━━━━━ GIVEN RECORDS
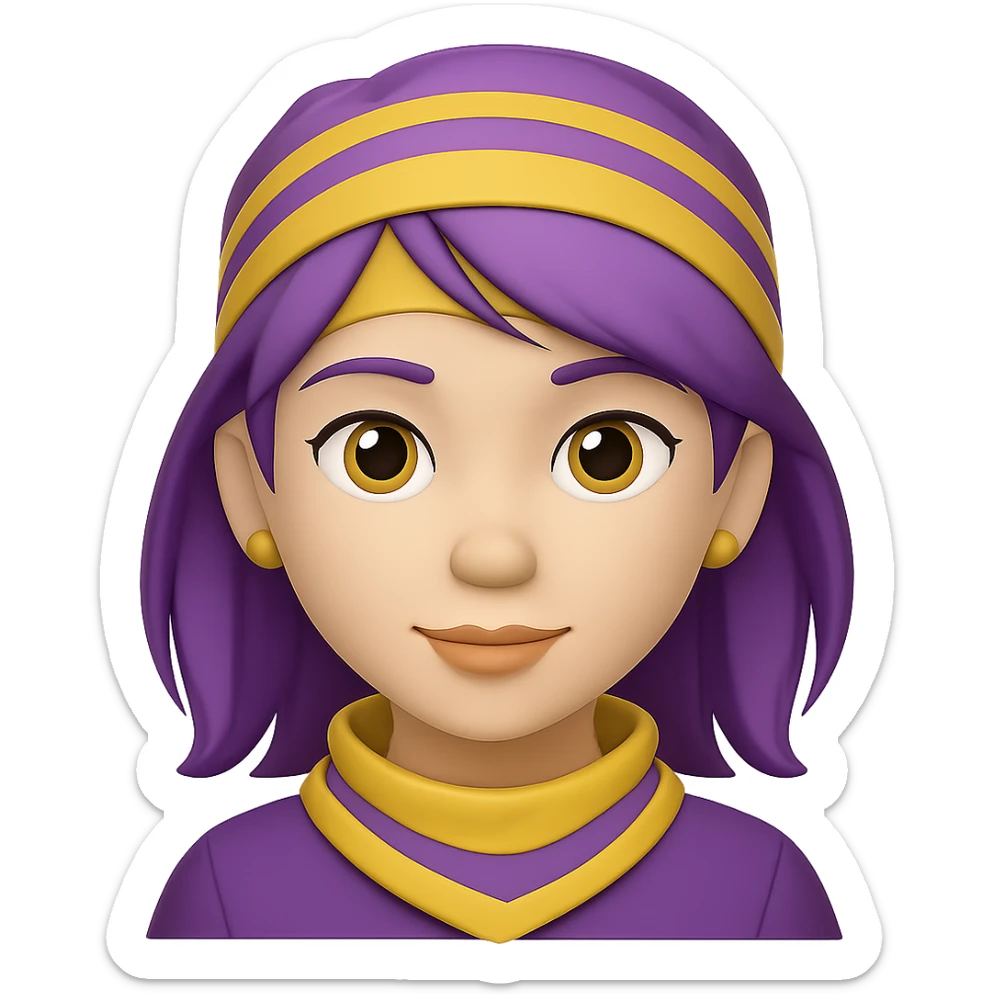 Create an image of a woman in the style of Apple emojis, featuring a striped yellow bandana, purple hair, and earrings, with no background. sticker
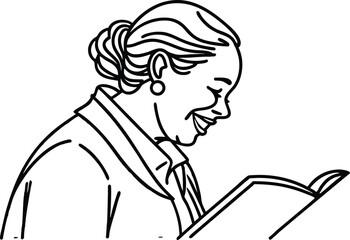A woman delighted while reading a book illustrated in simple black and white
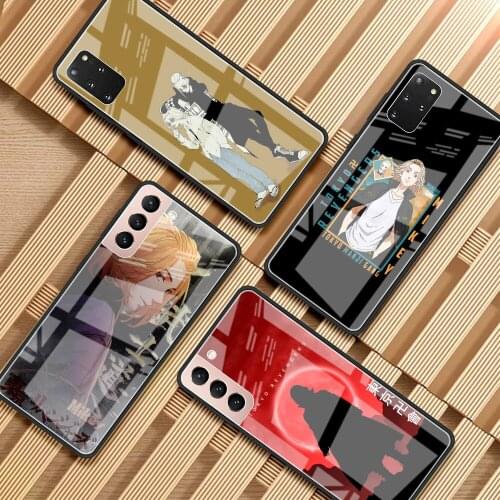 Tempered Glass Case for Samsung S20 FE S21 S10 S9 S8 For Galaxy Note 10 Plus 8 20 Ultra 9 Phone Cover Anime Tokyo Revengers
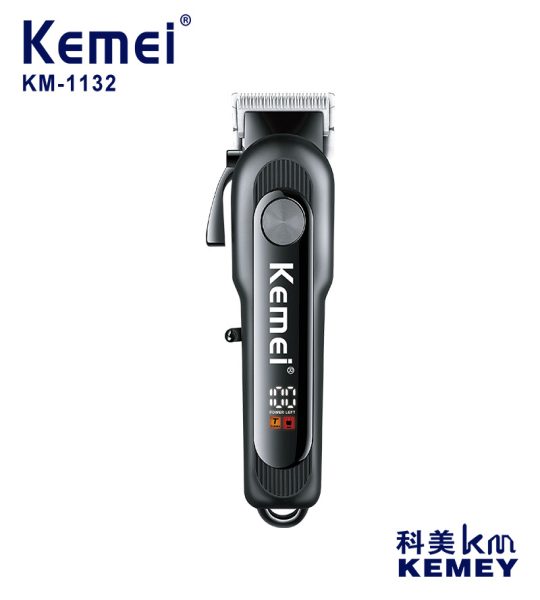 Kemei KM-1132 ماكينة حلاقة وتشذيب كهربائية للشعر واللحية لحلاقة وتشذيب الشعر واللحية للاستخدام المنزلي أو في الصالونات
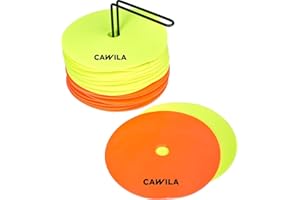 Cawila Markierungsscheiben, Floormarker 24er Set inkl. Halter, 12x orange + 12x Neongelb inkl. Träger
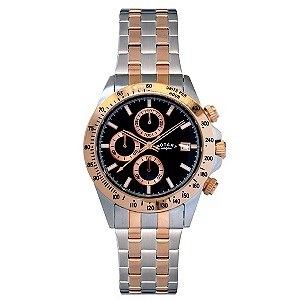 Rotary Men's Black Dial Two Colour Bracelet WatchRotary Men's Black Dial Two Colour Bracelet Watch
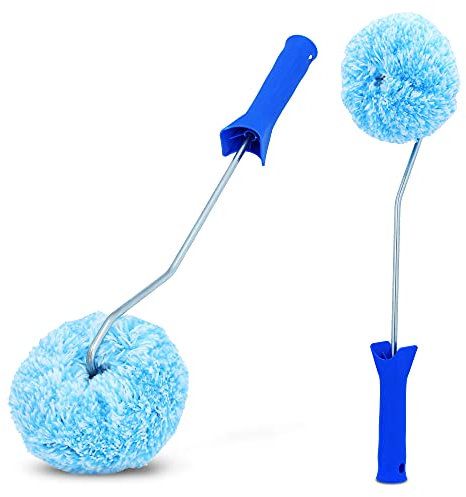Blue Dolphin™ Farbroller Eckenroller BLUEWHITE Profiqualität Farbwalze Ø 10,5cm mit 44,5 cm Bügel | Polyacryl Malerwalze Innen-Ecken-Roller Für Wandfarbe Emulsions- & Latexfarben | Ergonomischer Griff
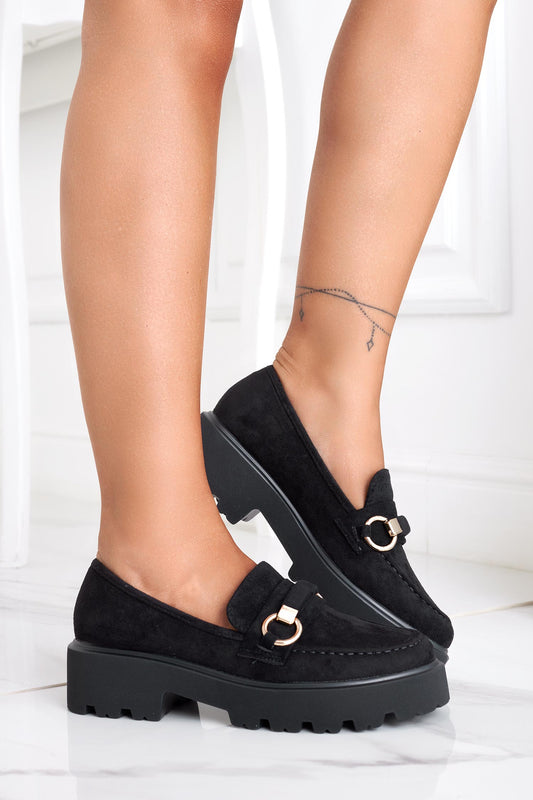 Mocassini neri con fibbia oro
━━━━━━━━━━
• **EXERCISE PROMPT**: Begin the copy at the line containing "Tempered Glass Case" and end it at the final line of the material above, reproducing each line exactly and omitting pictures.

• **EXERCISE ANSWER**:
 Tempered Glass Case for Samsung S20 FE S21 S10 S9 S8 For Galaxy Note 10 Plus 8 20 Ultra 9 Phone Cover Anime Tokyo Revengers
 Kemei KM-1132 ماكينة حلاقة وتشذيب كهربائية للشعر واللحية لحلاقة وتشذيب الشعر واللحية للاستخدام المنزلي أو في الصالونات
 Cawila Markierungsscheiben, Floormarker 24er Set inkl. Halter, 12x orange + 12x Neongelb inkl. Träger
 Rotary Men's Black Dial Two Colour Bracelet WatchRotary Men's Black Dial Two Colour Bracelet Watch
Blue Dolphin™ Farbroller Eckenroller BLUEWHITE Profiqualität Farbwalze Ø 10,5cm mit 44,5 cm Bügel | Polyacryl Malerwalze Innen-Ecken-Roller Für Wandfarbe Emulsions- & Latexfarben | Ergonomischer Griff
 Mocassini neri con fibbia oro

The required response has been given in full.